Abra and Celsius Network (decentralized finance) are two players that are moving traditional finance onto the blockchain. There are others, including Arca, that are bringing institutional knowledge into this space and that’s a good thing. Practical blockchain applications of existing needs will ultimately bring new users into this space.
Last week Abra, the crypto wallet/exchange came out with the news that it will allow fractional trading of traditional stocks via its wallet app. However, unlike traditional investing, the company intends to give investors synthetic access to public stocks via a process it calls “crypto-collateralized contracts”. In other words, the users aren’t actually going to be stockholders in a company but will be exposed to the performance — upside and downside — of the stock.
From what I can gather from publicly-available sources, rather than requiring an investor to purchase a minimum of one stock, an investor can purchase a fraction of a stock. This would be especially useful in the case of high-priced stocks such as Google ($1,102 a share), Amazon ($1,588 a share) or Berkshire Hathaway Class A ($300,771 a share). Instead, investors decide the amount of exposure they want to a particular stock, say, $5, and Abra goes ahead and gives an equivalent exposure to the actual stock. It isn’t clear whether an investor would actually be able to receive any dividends should they be declared on the stock and it also isn’t clear if the investor has any voting or other rights a normal shareholder would have.
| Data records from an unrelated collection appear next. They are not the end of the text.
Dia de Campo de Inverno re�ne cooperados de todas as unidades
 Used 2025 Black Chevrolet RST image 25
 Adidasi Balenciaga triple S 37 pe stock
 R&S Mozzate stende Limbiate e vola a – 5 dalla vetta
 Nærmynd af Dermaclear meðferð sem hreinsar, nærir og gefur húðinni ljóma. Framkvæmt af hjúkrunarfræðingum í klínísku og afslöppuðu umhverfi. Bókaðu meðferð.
There’s no mention of when this service is going to launch and there are a lack of details on how the company intends to operationally accomplish this new service. However, the company has stated that investors will need to deposit crypto to gain exposure. This would appear that in addition to being exposed to the performance of a particular stock, the investor is also exposed to the crypto/fiat floating exchange rate. Also, it isn’t clear what the margin requirements would be but it appears to be at least 100% collateralized, with margin calls for both the crypto/fiat exchange rate as well as the stock’s performance.
It remains to be seen what the regulatory framework will be for Abra’s new stock investing business. The company has at least taken the position that it isn’t subject to KYC/AML review for crypto deposits. From my perspective though, I’m thinking that Abra will need to address whether it is a broker/dealer and/or alternative trading system, and whether it needs to comply with FinCen KYC/AML (federal) rules.
More news continues to come out of QuadrigaCX. Consider the software engineer who lost his life savings (7 years’ worth). In order to save on some exchange fees, he transferred crypto to QuadrigaCX then attempted to withdraw it later (after he moved to Canada). The exchange, however, held onto the deposits since October, a couple of months before the apparent death of the founder, Gerald Cotten. Some of the Twitter comments to this news were just plain mean and blame the engineer for being foolish for trusting a third-party exchange. Yet, these are exactly the type of people that regulators are out to protect — investors who don’t know better (even if they should). I can’t imagine something like this happening in the existing financial system without a series of checks and balances. That regulatory judgment day is coming to crypto- sooner rather than later.